Controversialist – now there’s a wonderful word, indeed: “A person who disputes; who is good at or enjoys controversy.”
Mencken’s written output of curmudgeonly feistiness verifies his mastery of the polemical arts, and as such, you can count him among my most prominent role models. As a beer-loving German-American enduring a “dry” era, Mencken was not averse to the merits of the tall cool one, and was an iconoclast of the highest order.
1. A person who attacks cherished beliefs, traditional institutions, etc., as being based on error or superstition.
2. A breaker or destroyer of images, especially those set up for religious veneration.
My heroes have always been iconoclasts. From Socrates through Tom Paine, and Mencken through Louisville’s own Hunter S. Thompson, there’s nothing as thrilling to me as an iconoclast taking a headlong swipe at cherished, unexamined assumptions.
Better yet, given my own career as a tippler, the most wonderful aspect of iconoclasm is that rampant personal dissipation does not pre-empt the message.
It actually may enhance it.
tippler (noun): A person who is habitually drunk: drunk, drunkard, inebriate, sot. Slang: boozehound, boozer, lush, rummy, soak, souse, sponge, stiff.
The richness of Mencken’s writing reached well beyond newspapers, magazine essays and polemics to history and etymology. In particular, he was a scholar of the American tongue, documenting the “old” English language’s transformation into something new, vital and distinctly ours.
Here is a brief beer-related excerpt from Mencken’s seminal The American Language: An Inquiry into the Development of English in the United States (Fourth Edition, 1937).
An English saloon-keeper is officially a licensed victualler. His saloon is a public house, or, colloquially, a pub. He does not sell beer by the bucket, can, growler, shell, seidel, stein or schooner, but by the pint, half-pint or glass. He and his brethren, taken together, are the licensed trade, or simply the trade. He may divide his establishment into a public-bar, a saloon-bar and a private-bar, the last being the toniest, or he may call his back room a parlour, snug or tap-room. If he has a few upholstered benches in his place he may call it a lounge. He employs no bartenders. Barmaids do the work, with maybe a barman, potman or cellarman to help.
Beer, in most parts of Great Britain, means only the thinnest and cheapest form of malt liquor; better stuff is commonly called bitter. When an Englishman speaks of booze he means only ale or beer; for our hard liquor (a term he never uses) he prefers spirits. He uses boozer to indicate a drinking-place as well as a drinker. What we call hard cider is rough cider to him. He never uses rum in the generic sense that is has acquired in the United States, and knows nothing of rum-hounds, rum-dumbs, rum-dealers, the rum-trade, and the rum-evil, or of the Demon Rum.

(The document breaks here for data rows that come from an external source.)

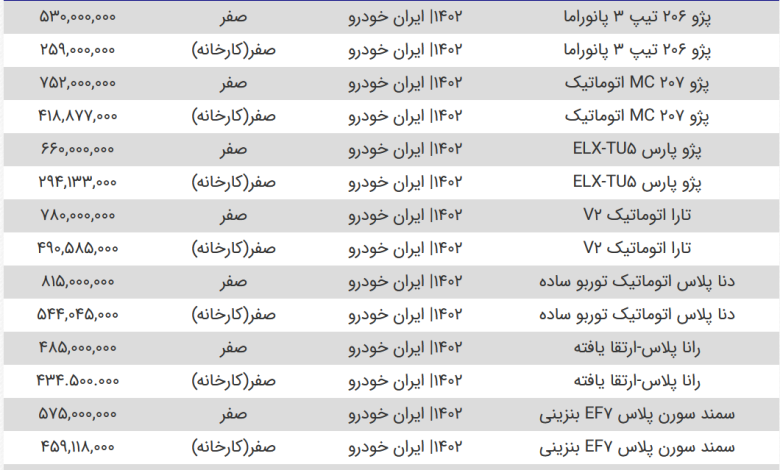 قیمت محصولات سایپا و ایران خودرو امروز ۲۱ خرداد ۱۴۰۳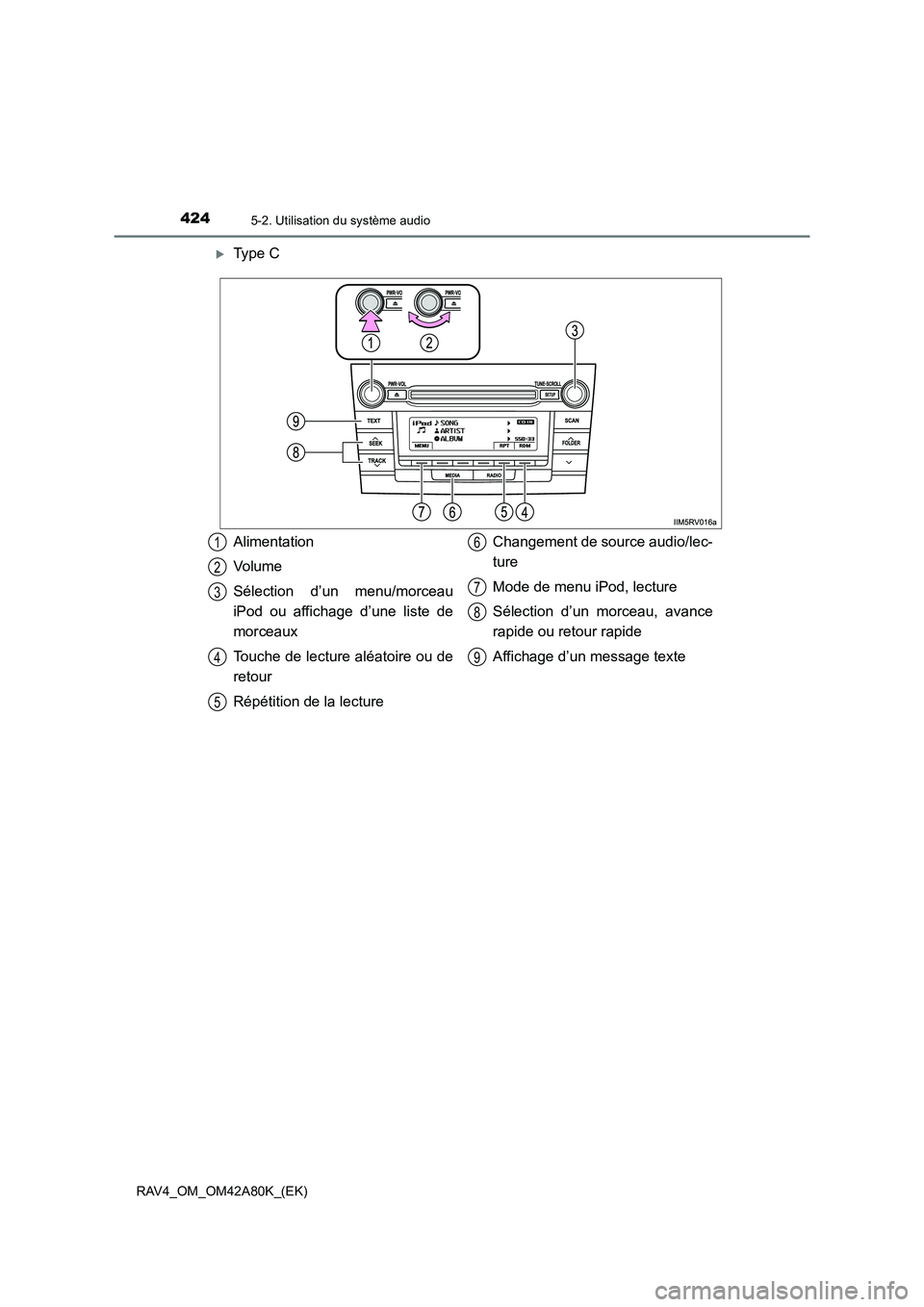 TOYOTA RAV4 2015  Manuel du propriétaire (in French) 4245-2. Utilisation du système audio
RAV4_OM_OM42A80K_(EK)
�XType C
Alimentation
Vo l u m e
Sélection d’un menu/morceau
iPod ou affichage d’une liste de
morceaux
Touche de lecture aléatoire ou 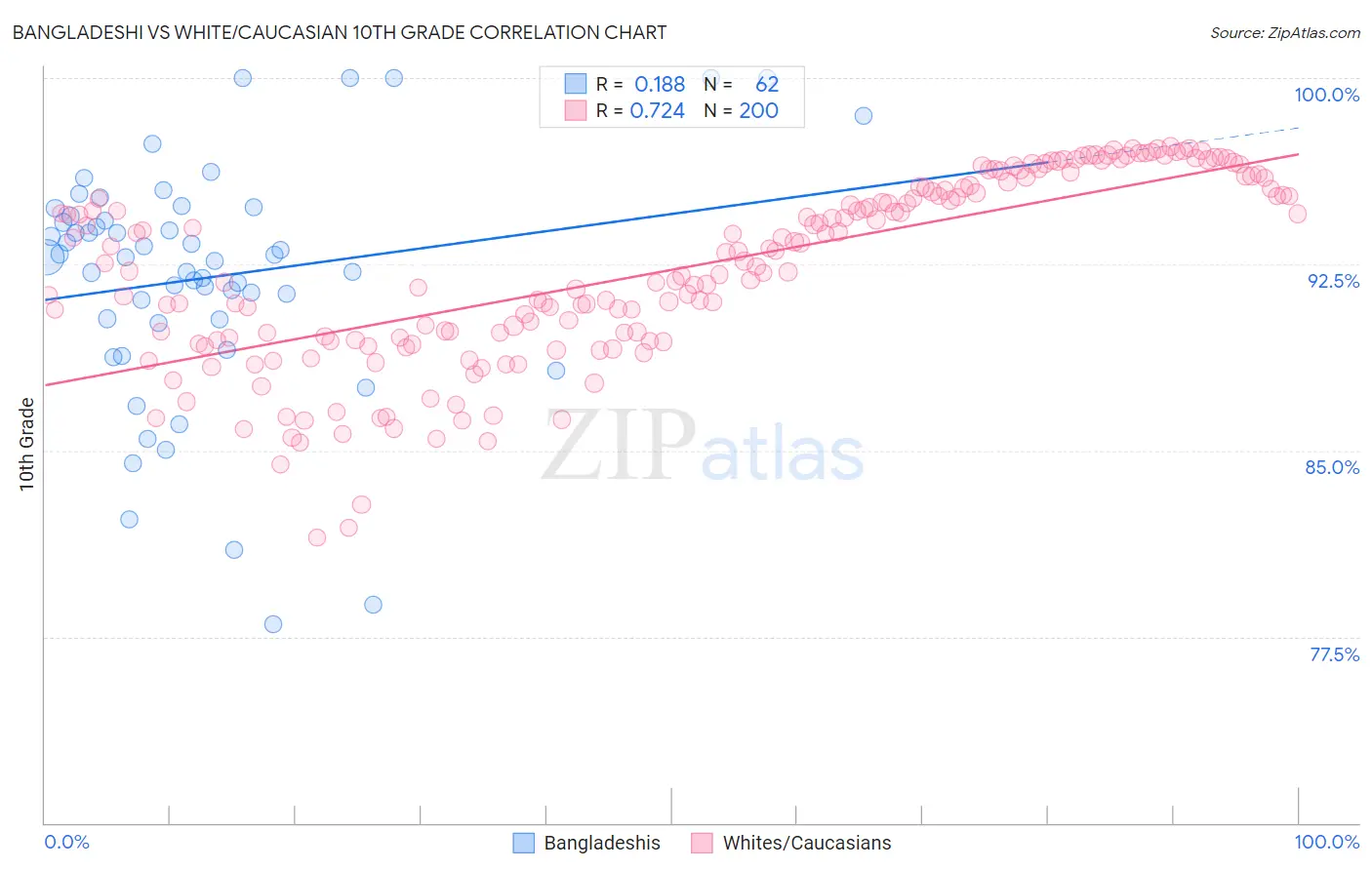 Bangladeshi vs White/Caucasian 10th Grade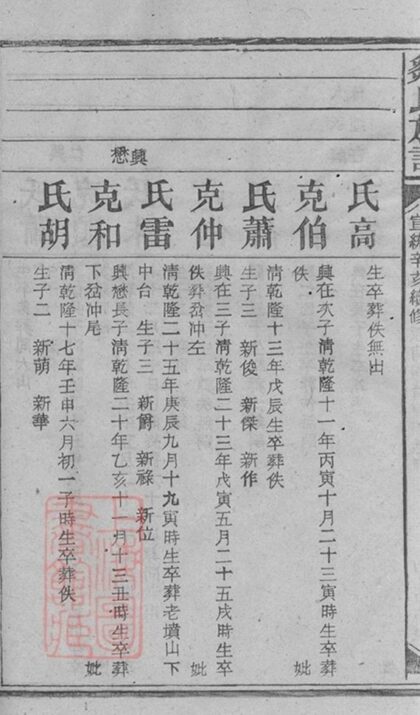 10311 鄒氏族譜 Version 1 Part 4 1207231813 1.jpg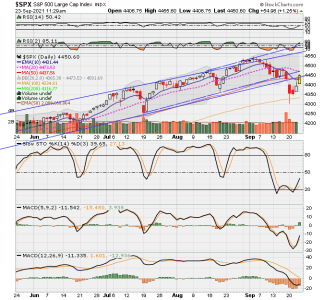 SPX now.png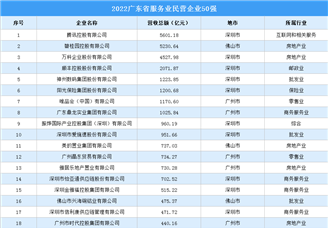 2022广东省服务业民营企业50强排行榜（附榜单）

The American bung-starter is a beer-mallet in England, and, as in this country, it is frequently used for assault and homicide.
Beer aside, Mencken’s coverage of the Scopes trial espoused issues of science and religious faith that are by no means antiquated. No doubt Thelen would commiserate, detecting contemporary American themes reminiscent of his Majorca residency. All the better for us to enjoy a beer or three from the relative safety of the cheap seats, although I must be perfectly clear: left field side for me, please.